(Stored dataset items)
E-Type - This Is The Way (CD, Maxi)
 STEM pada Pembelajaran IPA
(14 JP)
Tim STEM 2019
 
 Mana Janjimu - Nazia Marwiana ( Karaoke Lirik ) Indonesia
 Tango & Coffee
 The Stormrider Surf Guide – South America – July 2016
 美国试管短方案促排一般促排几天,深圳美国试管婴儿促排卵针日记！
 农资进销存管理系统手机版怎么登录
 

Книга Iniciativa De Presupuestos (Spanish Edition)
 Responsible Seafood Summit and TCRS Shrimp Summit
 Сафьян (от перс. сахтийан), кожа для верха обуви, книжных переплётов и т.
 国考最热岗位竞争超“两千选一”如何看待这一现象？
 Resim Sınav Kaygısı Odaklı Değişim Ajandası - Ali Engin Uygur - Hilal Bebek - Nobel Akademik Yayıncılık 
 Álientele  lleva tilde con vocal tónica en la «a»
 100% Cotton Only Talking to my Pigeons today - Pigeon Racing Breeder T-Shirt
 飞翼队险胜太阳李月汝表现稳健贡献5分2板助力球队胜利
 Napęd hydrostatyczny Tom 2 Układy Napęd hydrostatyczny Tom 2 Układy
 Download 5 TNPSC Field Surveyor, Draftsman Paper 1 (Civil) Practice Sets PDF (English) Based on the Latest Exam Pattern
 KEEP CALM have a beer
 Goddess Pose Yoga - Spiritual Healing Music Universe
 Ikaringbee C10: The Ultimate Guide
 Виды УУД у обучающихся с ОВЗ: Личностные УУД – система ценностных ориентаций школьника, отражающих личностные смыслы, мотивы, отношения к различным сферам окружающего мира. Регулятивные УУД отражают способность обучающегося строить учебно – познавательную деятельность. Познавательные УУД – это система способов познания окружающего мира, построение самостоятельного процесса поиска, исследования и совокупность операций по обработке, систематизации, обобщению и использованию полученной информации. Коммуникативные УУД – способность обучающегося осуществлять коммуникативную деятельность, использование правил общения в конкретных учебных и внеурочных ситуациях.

→ **Problem requirements**
Copy out the lines above, from the one holding "The Stormrider Surf" through the final line, with no other lines.

→ **Problem solution**
 The Stormrider Surf Guide – South America – July 2016
 美国试管短方案促排一般促排几天,深圳美国试管婴儿促排卵针日记！
 农资进销存管理系统手机版怎么登录
 

Книга Iniciativa De Presupuestos (Spanish Edition)
 Responsible Seafood Summit and TCRS Shrimp Summit
 Сафьян (от перс. сахтийан), кожа для верха обуви, книжных переплётов и т.
 国考最热岗位竞争超“两千选一”如何看待这一现象？
 Resim Sınav Kaygısı Odaklı Değişim Ajandası - Ali Engin Uygur - Hilal Bebek - Nobel Akademik Yayıncılık 
 Álientele  lleva tilde con vocal tónica en la «a»
 100% Cotton Only Talking to my Pigeons today - Pigeon Racing Breeder T-Shirt
 飞翼队险胜太阳李月汝表现稳健贡献5分2板助力球队胜利
 Napęd hydrostatyczny Tom 2 Układy Napęd hydrostatyczny Tom 2 Układy
 Download 5 TNPSC Field Surveyor, Draftsman Paper 1 (Civil) Practice Sets PDF (English) Based on the Latest Exam Pattern
 KEEP CALM have a beer
 Goddess Pose Yoga - Spiritual Healing Music Universe
 Ikaringbee C10: The Ultimate Guide
 Виды УУД у обучающихся с ОВЗ: Личностные УУД – система ценностных ориентаций школьника, отражающих личностные смыслы, мотивы, отношения к различным сферам окружающего мира. Регулятивные УУД отражают способность обучающегося строить учебно – познавательную деятельность. Познавательные УУД – это система способов познания окружающего мира, построение самостоятельного процесса поиска, исследования и совокупность операций по обработке, систематизации, обобщению и использованию полученной информации. Коммуникативные УУД – способность обучающегося осуществлять коммуникативную деятельность, использование правил общения в конкретных учебных и внеурочных ситуациях.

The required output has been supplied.